The healthy and productive swards were complimented by a ‘gateless’ system of PVC poles lifting the wire for the cows to walk under into the lane, gravity flow watering to every paddock and a very successful homemade sticky cow to catch face flies. Steven also gave a tour of his milking parlor and bedded pack barn which is crucial to nutrient retention in the winter and overall herd health. He described his many strategies in using bedding materials, adjusting air flow with barn curtains and learning about the nuances of composting which he said is a real art.

The day was highlighted by fellowship surrounding a smorgasbord of local food made by the Peterboro Amish community, cheese and milk from Organic Valley Family of Farms and topped off with a cornucopia of pie choices and ice-cream (of course) to benefit the Siloam Springs School.

This pasture walk was supported by New York State Grazing Lands Conservation Initiative, Organic Valley and the Madison County Soil and Water Conservation District.

Grazing Planning Continues to Improve with Practice

The District in conjunction with the Central New York Resource Conservation and Development Council, Inc., are piloting 12-month planned grazing charts with several inspired farmers around the Bay and Great Lakes Watersheds.

This daily monitoring tool adopted from Holistic Management International that hangs on a door, seeks to improve decision-making on individual fields, record rainfall and animal production factors, prevent over-grazing, extend the grazing season and provide historical data for long term profitability.

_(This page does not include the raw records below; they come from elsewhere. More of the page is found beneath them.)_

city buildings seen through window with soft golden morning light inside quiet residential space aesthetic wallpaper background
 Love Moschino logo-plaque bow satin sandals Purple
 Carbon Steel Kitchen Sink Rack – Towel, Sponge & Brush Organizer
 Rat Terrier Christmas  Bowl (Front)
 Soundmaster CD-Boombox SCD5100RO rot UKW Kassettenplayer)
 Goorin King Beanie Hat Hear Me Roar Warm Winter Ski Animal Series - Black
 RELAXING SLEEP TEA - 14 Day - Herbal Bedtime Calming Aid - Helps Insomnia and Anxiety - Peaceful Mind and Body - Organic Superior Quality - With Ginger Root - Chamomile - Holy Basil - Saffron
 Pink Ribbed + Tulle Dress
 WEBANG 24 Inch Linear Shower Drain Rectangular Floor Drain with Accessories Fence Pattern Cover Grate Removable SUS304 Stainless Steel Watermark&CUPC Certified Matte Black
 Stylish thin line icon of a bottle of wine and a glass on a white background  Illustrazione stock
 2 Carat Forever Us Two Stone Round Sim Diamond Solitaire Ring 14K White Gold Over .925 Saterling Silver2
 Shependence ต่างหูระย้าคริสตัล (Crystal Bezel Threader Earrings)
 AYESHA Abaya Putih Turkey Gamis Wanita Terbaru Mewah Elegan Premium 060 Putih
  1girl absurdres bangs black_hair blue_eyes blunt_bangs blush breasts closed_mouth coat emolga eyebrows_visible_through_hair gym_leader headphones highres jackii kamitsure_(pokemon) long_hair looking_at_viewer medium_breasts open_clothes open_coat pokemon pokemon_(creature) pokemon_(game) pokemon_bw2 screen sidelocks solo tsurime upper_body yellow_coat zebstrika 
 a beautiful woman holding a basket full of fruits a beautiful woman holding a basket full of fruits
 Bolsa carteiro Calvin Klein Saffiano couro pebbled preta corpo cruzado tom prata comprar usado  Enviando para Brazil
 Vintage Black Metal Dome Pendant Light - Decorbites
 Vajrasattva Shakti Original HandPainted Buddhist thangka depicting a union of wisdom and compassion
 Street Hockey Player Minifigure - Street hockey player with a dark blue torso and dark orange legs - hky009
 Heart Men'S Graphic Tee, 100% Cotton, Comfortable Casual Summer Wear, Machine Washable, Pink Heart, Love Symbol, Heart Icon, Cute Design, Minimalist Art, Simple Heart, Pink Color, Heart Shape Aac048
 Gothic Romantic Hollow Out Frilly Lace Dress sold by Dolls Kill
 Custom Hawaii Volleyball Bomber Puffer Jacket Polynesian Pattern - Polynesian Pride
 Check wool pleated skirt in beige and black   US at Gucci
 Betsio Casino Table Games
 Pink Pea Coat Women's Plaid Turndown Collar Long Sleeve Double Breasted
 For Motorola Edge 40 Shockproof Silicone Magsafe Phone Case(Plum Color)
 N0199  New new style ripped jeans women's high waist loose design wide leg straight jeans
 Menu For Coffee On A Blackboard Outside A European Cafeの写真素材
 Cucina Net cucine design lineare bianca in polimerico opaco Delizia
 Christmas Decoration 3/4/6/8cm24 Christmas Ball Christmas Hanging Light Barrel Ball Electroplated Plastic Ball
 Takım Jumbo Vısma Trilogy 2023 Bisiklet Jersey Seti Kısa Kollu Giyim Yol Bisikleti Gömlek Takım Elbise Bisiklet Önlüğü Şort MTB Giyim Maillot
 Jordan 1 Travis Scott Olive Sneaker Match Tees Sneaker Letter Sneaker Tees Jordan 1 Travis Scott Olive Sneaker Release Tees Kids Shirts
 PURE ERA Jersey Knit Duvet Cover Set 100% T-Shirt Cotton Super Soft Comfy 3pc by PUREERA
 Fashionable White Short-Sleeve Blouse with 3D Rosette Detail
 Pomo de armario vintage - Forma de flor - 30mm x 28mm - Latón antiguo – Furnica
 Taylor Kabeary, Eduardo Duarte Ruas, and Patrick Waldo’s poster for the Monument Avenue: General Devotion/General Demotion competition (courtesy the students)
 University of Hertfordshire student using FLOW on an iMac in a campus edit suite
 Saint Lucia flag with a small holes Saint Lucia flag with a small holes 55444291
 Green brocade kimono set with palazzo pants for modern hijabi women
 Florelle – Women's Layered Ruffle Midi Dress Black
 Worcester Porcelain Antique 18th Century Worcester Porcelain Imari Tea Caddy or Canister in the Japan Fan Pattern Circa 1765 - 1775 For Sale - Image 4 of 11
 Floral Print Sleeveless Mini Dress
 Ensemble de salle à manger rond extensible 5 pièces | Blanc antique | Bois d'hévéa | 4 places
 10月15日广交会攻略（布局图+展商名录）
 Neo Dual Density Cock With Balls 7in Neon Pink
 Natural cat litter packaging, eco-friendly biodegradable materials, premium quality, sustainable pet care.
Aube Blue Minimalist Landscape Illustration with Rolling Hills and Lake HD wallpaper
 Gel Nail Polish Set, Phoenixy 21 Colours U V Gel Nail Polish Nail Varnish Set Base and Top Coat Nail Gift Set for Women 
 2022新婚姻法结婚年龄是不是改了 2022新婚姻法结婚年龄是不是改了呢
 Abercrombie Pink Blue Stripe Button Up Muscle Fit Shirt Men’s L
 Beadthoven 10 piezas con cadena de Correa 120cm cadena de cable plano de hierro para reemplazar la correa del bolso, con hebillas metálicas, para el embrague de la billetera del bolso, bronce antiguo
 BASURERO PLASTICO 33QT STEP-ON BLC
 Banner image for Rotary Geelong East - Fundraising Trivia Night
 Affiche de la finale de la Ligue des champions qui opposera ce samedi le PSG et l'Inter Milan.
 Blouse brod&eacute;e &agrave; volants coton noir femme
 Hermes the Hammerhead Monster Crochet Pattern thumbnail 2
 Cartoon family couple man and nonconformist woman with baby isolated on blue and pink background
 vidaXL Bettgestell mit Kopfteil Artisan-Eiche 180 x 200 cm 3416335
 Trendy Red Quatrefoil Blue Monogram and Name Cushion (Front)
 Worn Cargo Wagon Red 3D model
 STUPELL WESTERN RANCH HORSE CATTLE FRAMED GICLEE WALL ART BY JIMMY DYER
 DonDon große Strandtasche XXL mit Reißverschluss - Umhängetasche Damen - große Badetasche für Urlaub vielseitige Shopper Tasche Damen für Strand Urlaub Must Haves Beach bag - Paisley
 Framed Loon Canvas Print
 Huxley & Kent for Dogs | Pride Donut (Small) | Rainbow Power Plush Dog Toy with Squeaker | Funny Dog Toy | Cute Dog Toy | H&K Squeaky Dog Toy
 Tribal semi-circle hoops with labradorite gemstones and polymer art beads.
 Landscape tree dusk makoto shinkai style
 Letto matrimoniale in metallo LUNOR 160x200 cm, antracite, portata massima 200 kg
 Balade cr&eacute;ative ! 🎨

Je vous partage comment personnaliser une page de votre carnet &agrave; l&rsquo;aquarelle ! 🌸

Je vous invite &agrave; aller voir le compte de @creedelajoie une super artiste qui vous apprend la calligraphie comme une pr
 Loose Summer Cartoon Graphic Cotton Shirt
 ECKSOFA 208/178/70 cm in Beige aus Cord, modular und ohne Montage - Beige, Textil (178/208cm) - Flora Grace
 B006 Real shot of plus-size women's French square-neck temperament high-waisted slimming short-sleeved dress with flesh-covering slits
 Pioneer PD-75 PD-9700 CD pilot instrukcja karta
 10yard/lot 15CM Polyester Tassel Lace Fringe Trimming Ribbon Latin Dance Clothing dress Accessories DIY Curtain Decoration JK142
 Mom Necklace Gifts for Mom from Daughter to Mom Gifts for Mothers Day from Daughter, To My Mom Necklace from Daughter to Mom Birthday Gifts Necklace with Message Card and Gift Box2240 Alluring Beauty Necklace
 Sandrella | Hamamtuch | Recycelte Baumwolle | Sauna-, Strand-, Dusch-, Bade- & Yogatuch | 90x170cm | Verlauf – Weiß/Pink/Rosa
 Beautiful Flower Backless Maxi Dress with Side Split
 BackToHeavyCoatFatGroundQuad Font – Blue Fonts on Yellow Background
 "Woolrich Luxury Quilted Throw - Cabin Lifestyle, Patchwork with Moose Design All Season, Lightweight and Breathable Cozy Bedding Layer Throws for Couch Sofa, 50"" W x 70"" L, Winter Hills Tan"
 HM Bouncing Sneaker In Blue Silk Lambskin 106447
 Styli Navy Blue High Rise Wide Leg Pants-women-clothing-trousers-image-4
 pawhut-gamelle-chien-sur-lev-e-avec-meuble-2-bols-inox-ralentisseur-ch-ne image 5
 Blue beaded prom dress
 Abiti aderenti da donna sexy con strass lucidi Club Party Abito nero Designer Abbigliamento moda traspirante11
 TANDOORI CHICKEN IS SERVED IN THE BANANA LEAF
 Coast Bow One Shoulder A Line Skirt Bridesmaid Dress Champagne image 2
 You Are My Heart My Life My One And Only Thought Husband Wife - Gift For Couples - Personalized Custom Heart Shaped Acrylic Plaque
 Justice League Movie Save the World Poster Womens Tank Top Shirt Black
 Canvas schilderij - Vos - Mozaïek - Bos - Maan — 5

To date, more than 150 charts have been distributed in various forms in an effort to learn how farmers use them and how to improve their functionality. They can be purchased for $3 each. To find out more give the office a call at (315) 824-9849 ext. 110.

Northeast SARE Fosters Grazing Training for Agency Professionals and Farmers

2011 marks another season for 42 grazing professionals throughout the Northeast coming together to learn more about building relationships and helping farmers set goals, plan, implement and monitor towards profitable holistic grazing management.

This three-year project working with a team of coordinators from NY, PA and VT have been busy teaching the practical nuances of planned grazing using a variety of tools and approaches including a “milk-house door friendly” 12-month monitoring chart.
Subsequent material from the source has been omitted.